==== Data under study

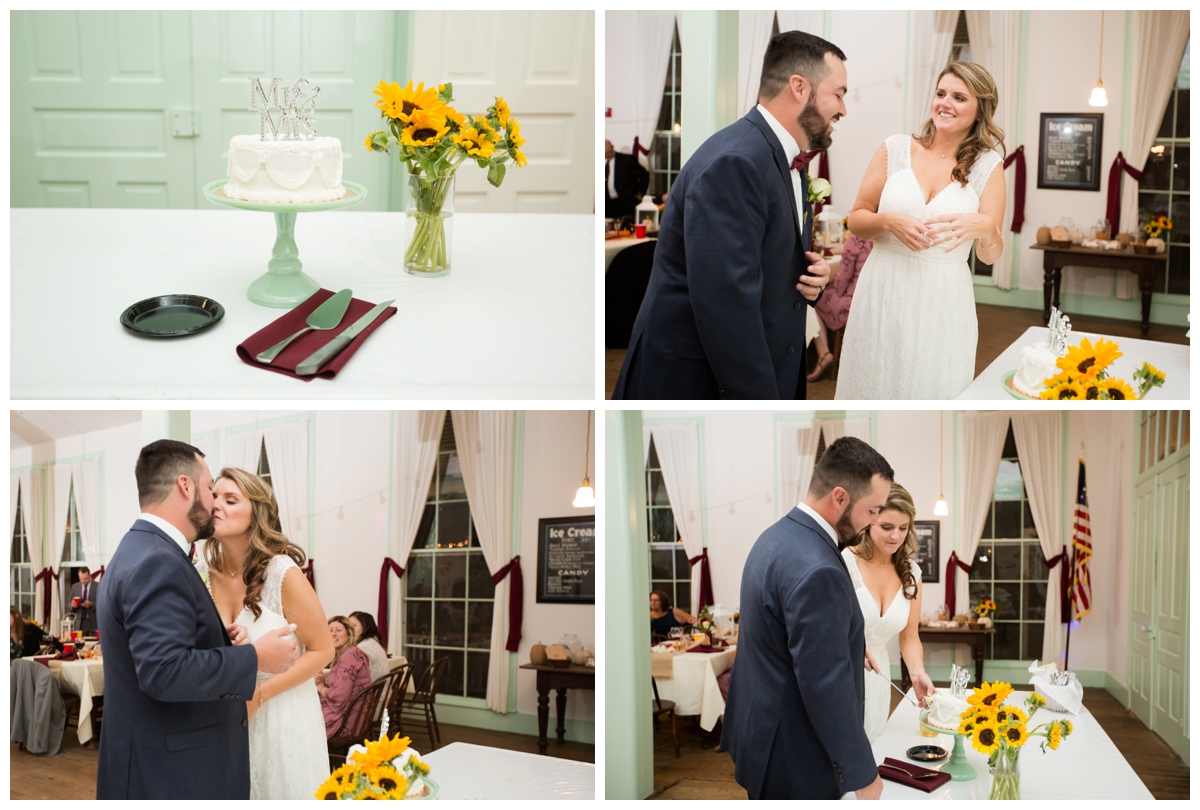 Cake cutting at fall wedding with small cake and sunflowers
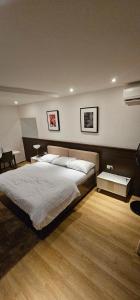 a bedroom with a large bed and two pictures on the wall at FLAT 20 in Abuja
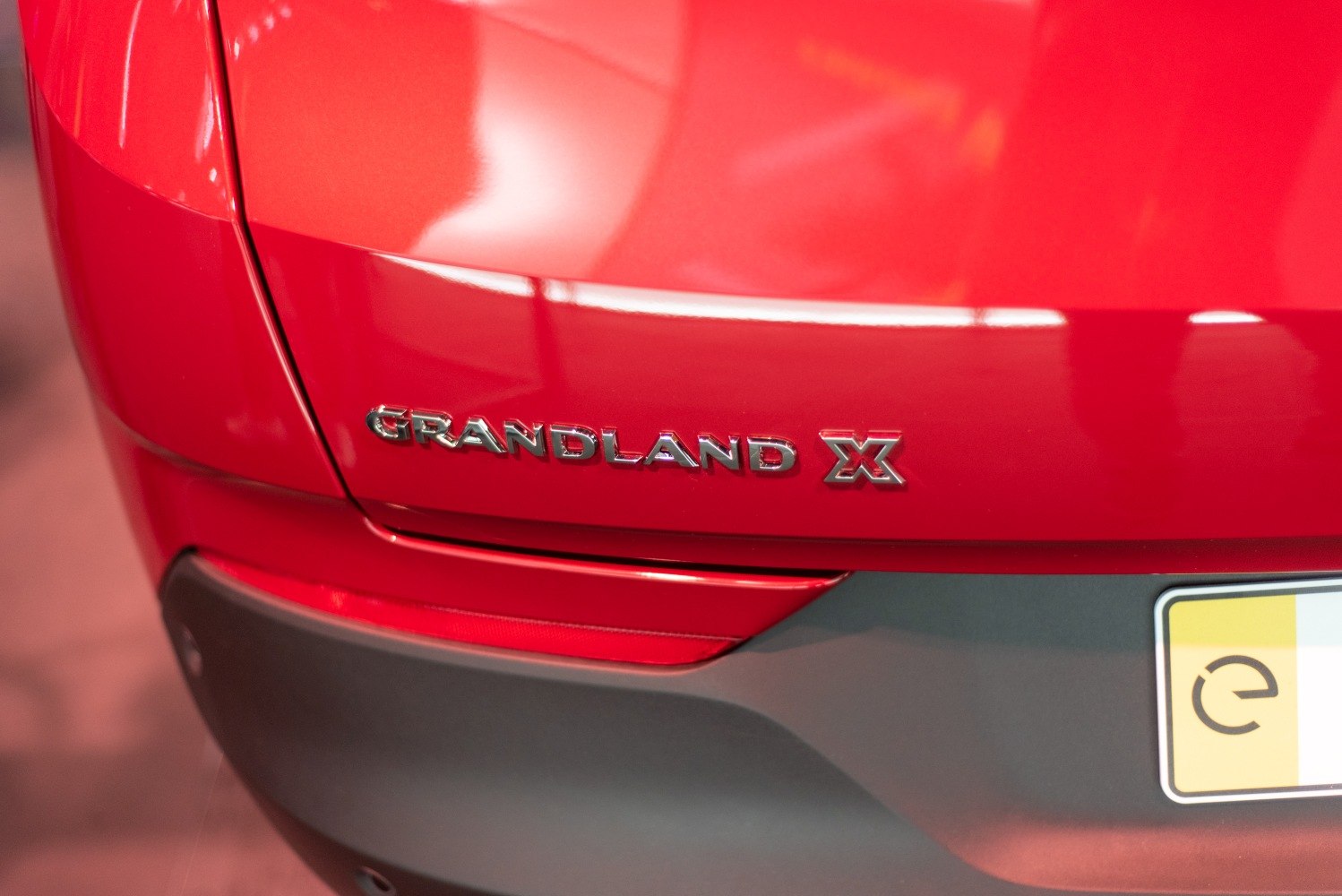 Close-up of rear badge and bumper of a red vehicle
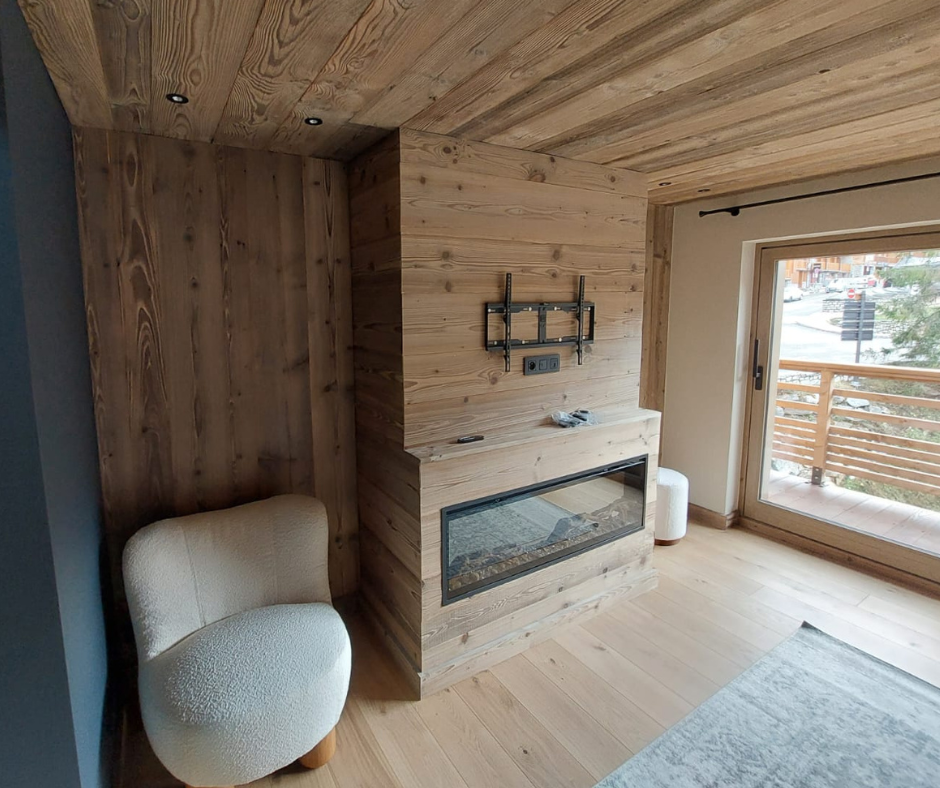 Lames de lambris en vieux bois dans un salon au mur et au plafond, créant un chalet au décor chaleureux et accueillant.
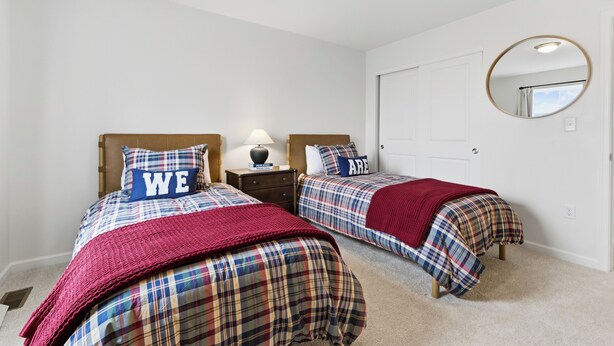 Un dormitorio con dos camas, cada una con edredón y almohadas a cuadros, una mesita de noche con lámpara, y un espejo redondo en la pared.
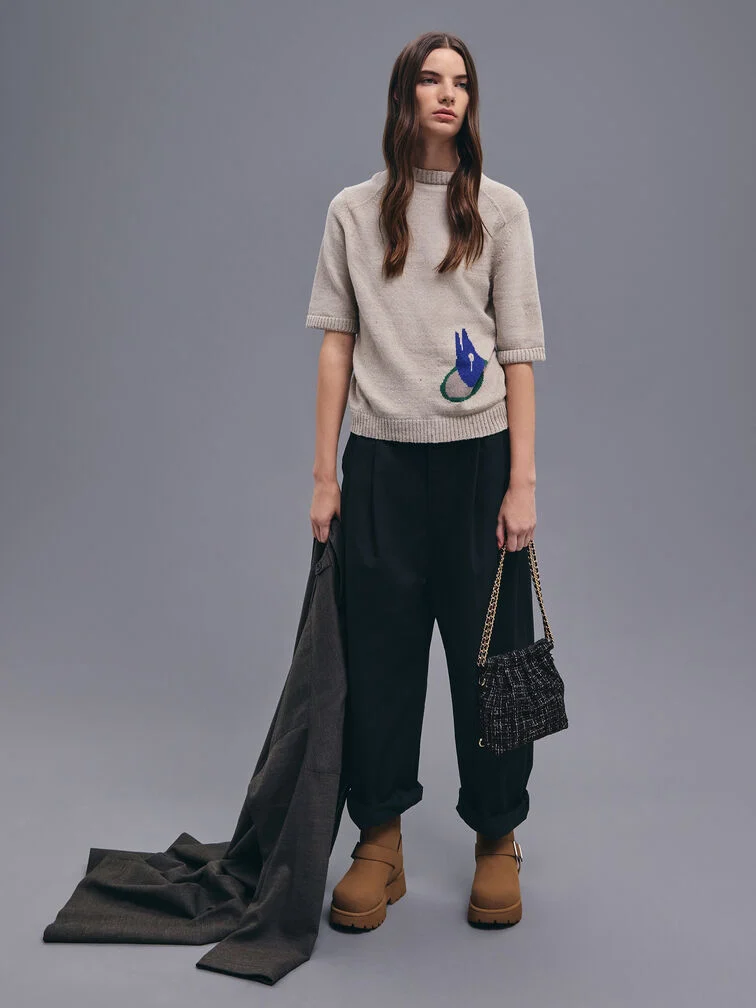 ニットTシャツと裾絞りパンツにブラウンブーツとツイードのチェーンハンドルバッグを合わせたスタイル。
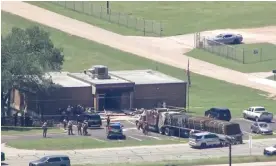  ?? Photograph: KTRK via AP ?? Emergency personnel arrive on the scene after an 18-wheeler crashed into the Texas department of public safety office in Brenham on Friday.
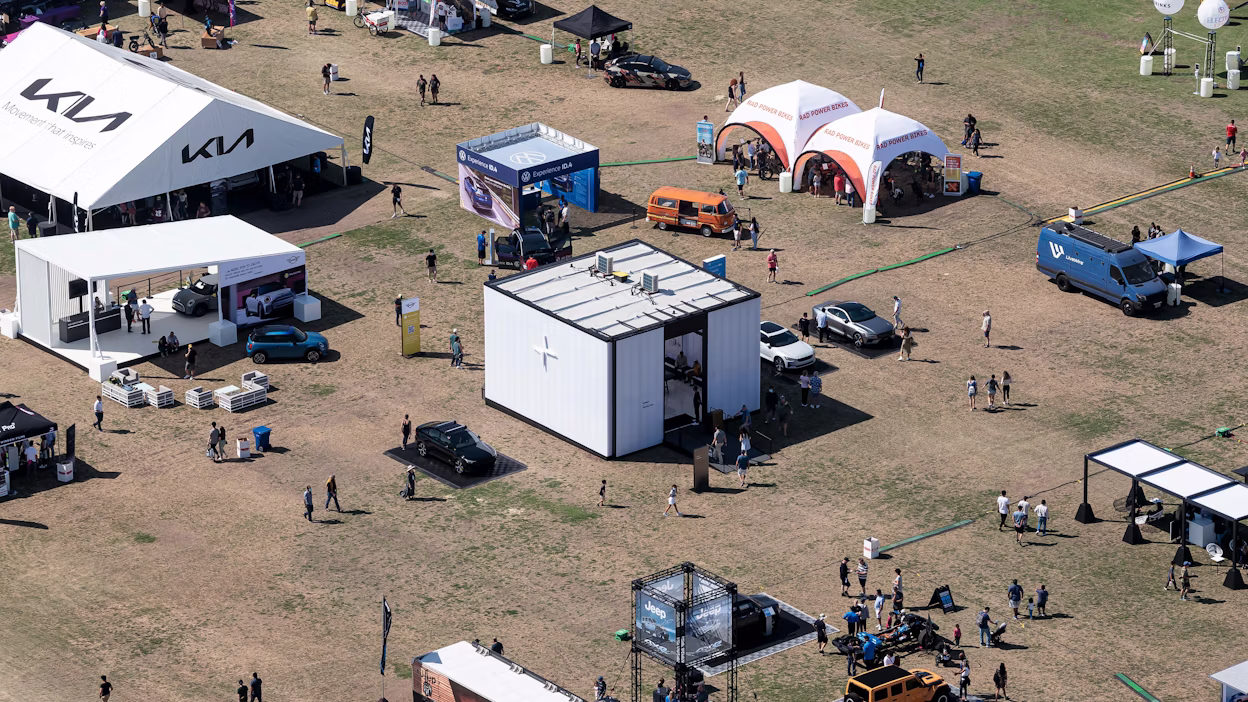 Bird's-eye view of crowd walking the outdoor grounds at Electrify Expo 2021.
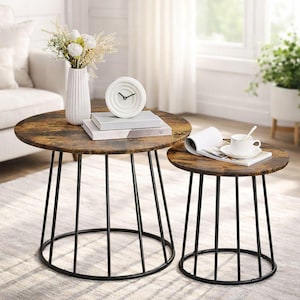 May include: Two round coffee tables with a rustic wood-look top and black metal legs. The larger table has a vase with flowers, a clock, and books. The smaller table has a cup and saucer.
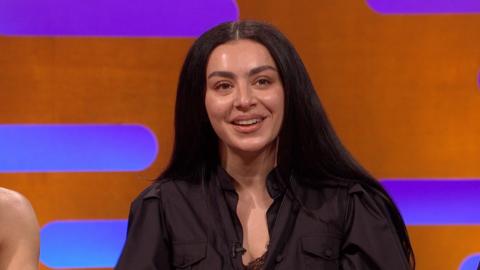 Charli XCX smiles. She has long black hair and wears a black shirt 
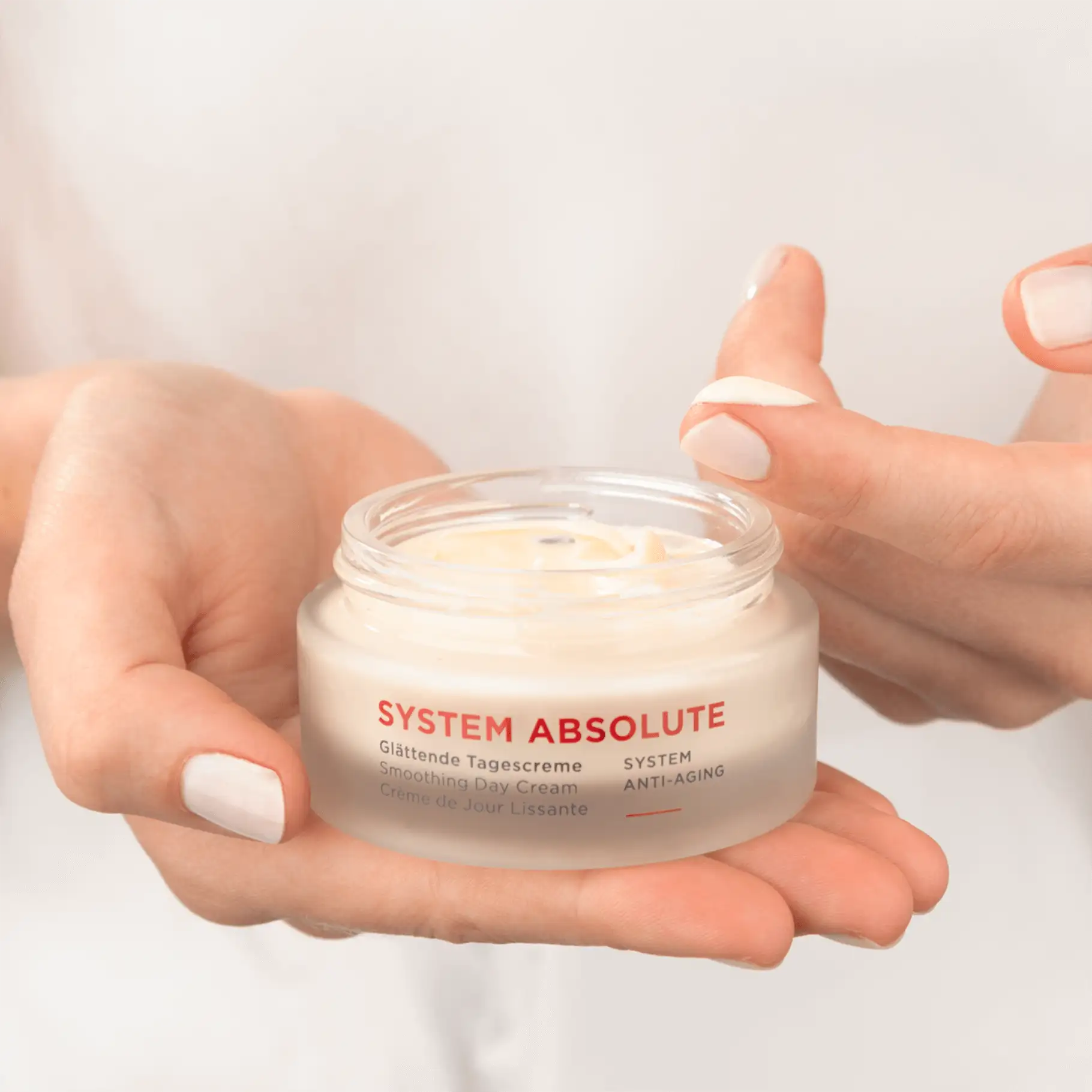 SYSTEM ABSOLUTE Glättende Tagescreme im Tiegel, Hand hält Creme, Finger nimmt Produktprobe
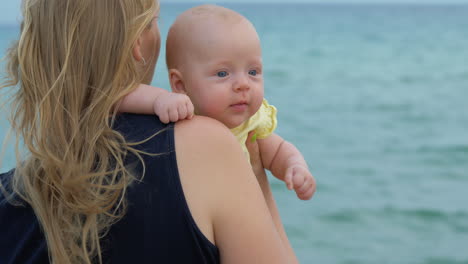 Mum-with-baby-daughter-enjoying-sea-and-breeze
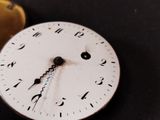 a close up of a clock on a table with a coin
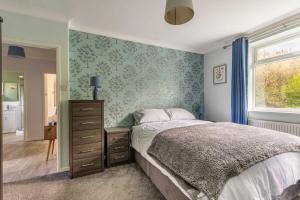 a bedroom with a bed and a dresser and a window at Church Close in Coltishall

========

» **What you should do**
Reproduce each line above exactly, but not a single picture.

» **Solution for this problem**
 Cake cutting at fall wedding with small cake and sunflowers
 a bedroom with a large bed and two pictures on the wall at FLAT 20 in Abuja
 Close-up of rear badge and bumper of a red vehicle
 Lames de lambris en vieux bois dans un salon au mur et au plafond, créant un chalet au décor chaleureux et accueillant.
 Un dormitorio con dos camas, cada una con edredón y almohadas a cuadros, una mesita de noche con lámpara, y un espejo redondo en la pared.
 ニットTシャツと裾絞りパンツにブラウンブーツとツイードのチェーンハンドルバッグを合わせたスタイル。
  ?? Photograph: KTRK via AP ?? Emergency personnel arrive on the scene after an 18-wheeler crashed into the Texas department of public safety office in Brenham on Friday.
 Bird's-eye view of crowd walking the outdoor grounds at Electrify Expo 2021.
 May include: Two round coffee tables with a rustic wood-look top and black metal legs. The larger table has a vase with flowers, a clock, and books. The smaller table has a cup and saucer.
 Charli XCX smiles. She has long black hair and wears a black shirt 
 SYSTEM ABSOLUTE Glättende Tagescreme im Tiegel, Hand hält Creme, Finger nimmt Produktprobe
 Mum-with-baby-daughter-enjoying-sea-and-breeze
 a close up of a clock on a table with a coin
 a bedroom with a bed and a dresser and a window at Church Close in Coltishall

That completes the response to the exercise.